[Captioned web images]
=-=-=
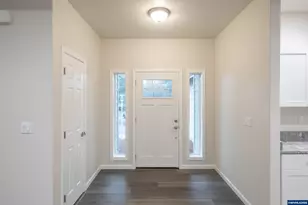 1492 Strawberry Ridge Dr, Sweet Home, OR 97386 - Photo 5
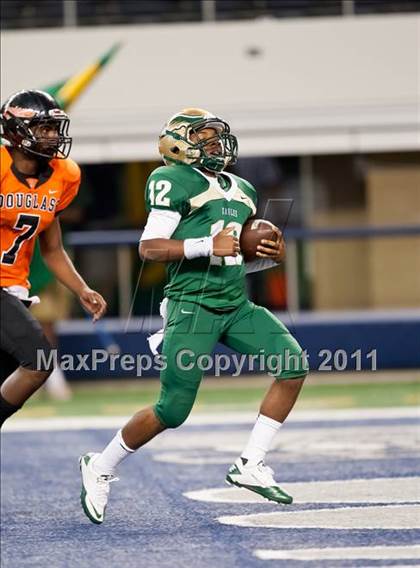 Thumbnail 3 in DeSoto vs. Douglass (Kirk Herbstreit National Kickoff Classic) photogallery.
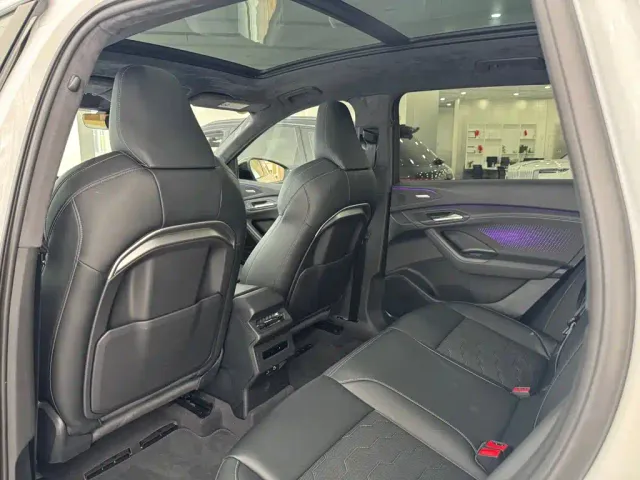 Audi Q6L e-tron — Фото автомобиля 10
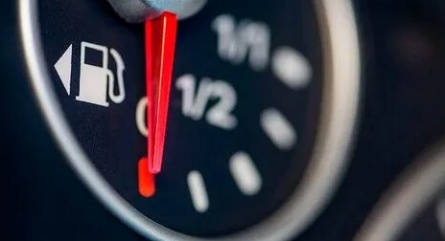 Повышенный расход топлива автомобиля. кадры Повышенный расход топлива автомобиля. кадры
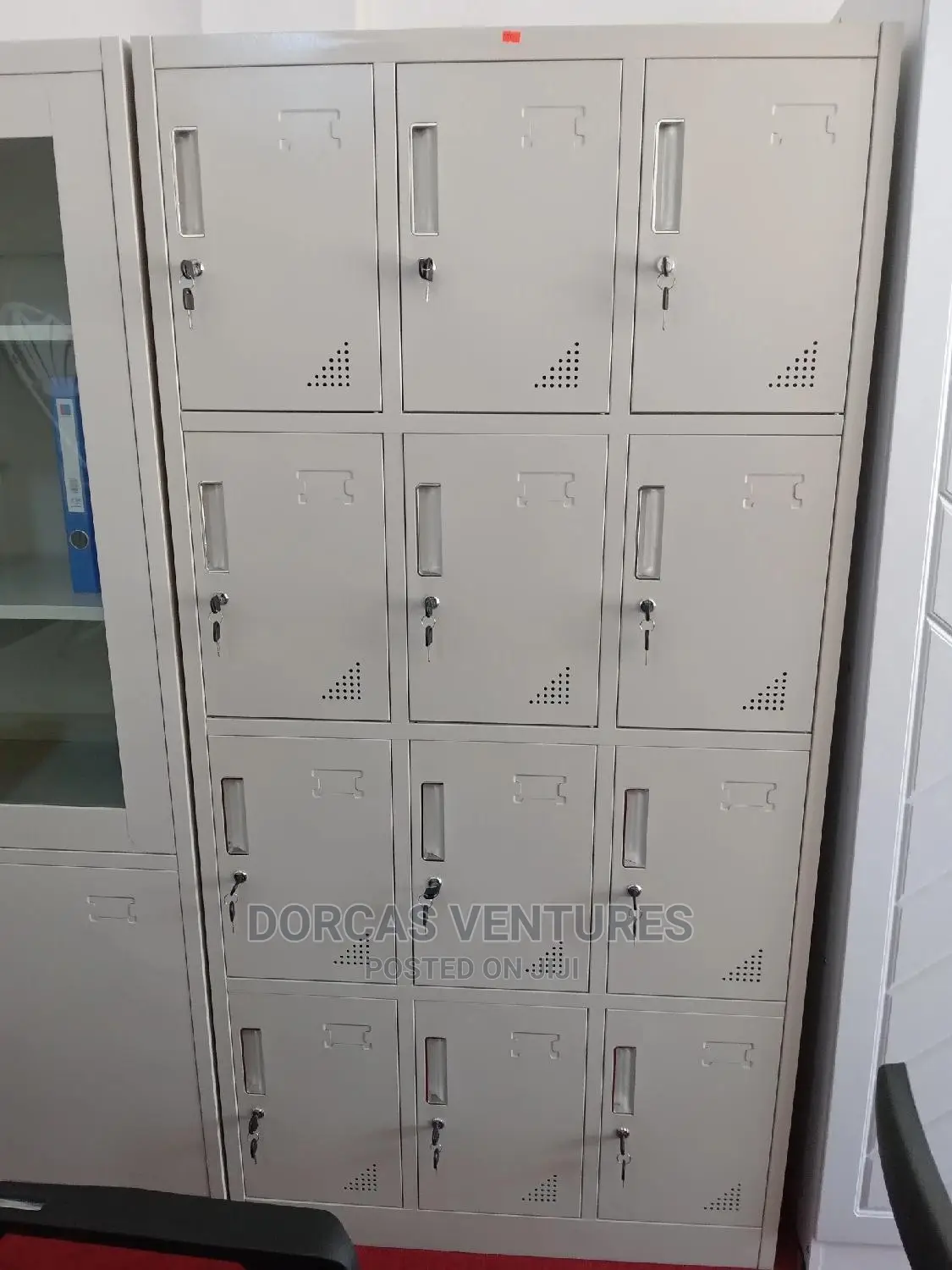 12 Doors Lockers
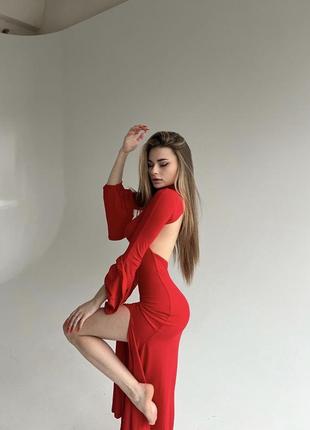 Жіноча червона розкішна довга сукня максі з глибоким вирізом на спині та з розкльошеними рукавими4 фото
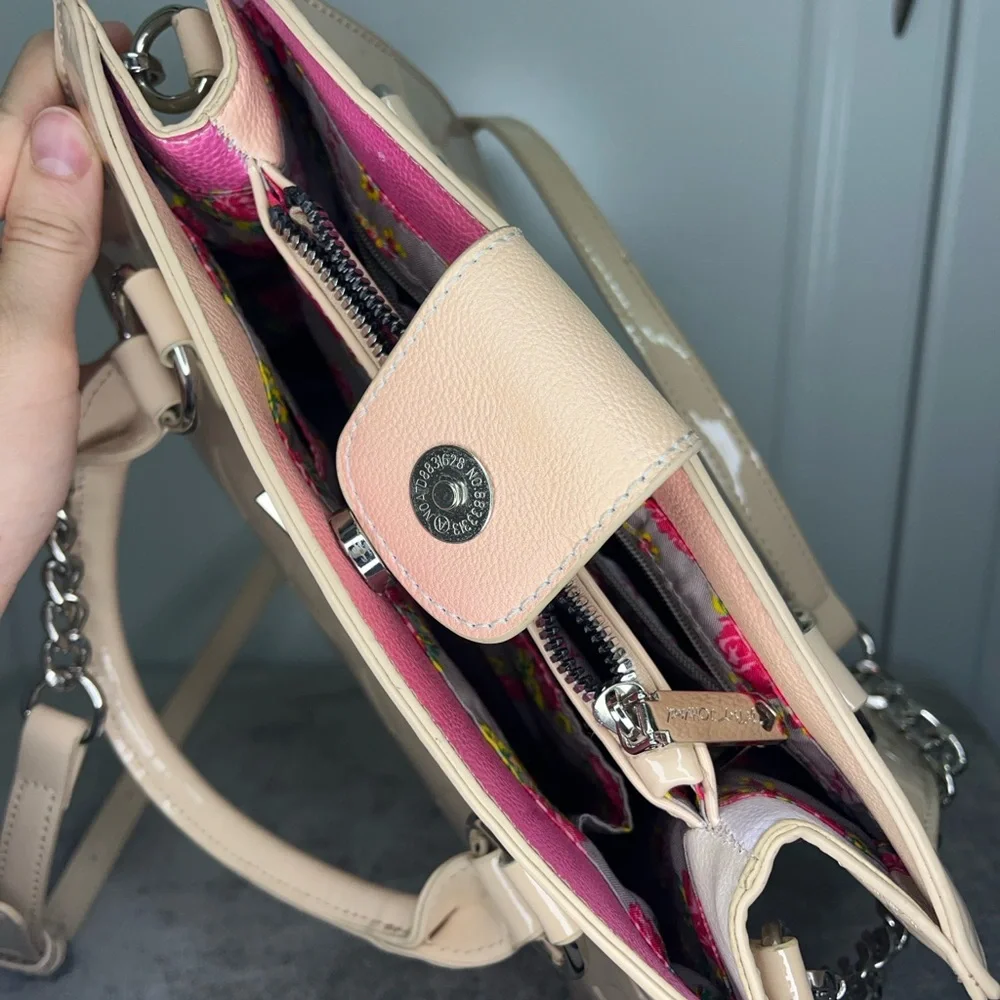 Betsey Johnson Purse Heart Debossed Multi-Compartment Crossbody Sand Beige Purse - Picture 6 of 11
=-=-=
## Problem to solve
Write out the data above precisely. Pictures stay out.

## Response area
 1492 Strawberry Ridge Dr, Sweet Home, OR 97386 - Photo 5
 Thumbnail 3 in DeSoto vs. Douglass (Kirk Herbstreit National Kickoff Classic) photogallery.
 Audi Q6L e-tron — Фото автомобиля 10
 Повышенный расход топлива автомобиля. кадры Повышенный расход топлива автомобиля. кадры
 12 Doors Lockers
 Жіноча червона розкішна довга сукня максі з глибоким вирізом на спині та з розкльошеними рукавими4 фото
 Betsey Johnson Purse Heart Debossed Multi-Compartment Crossbody Sand Beige Purse - Picture 6 of 11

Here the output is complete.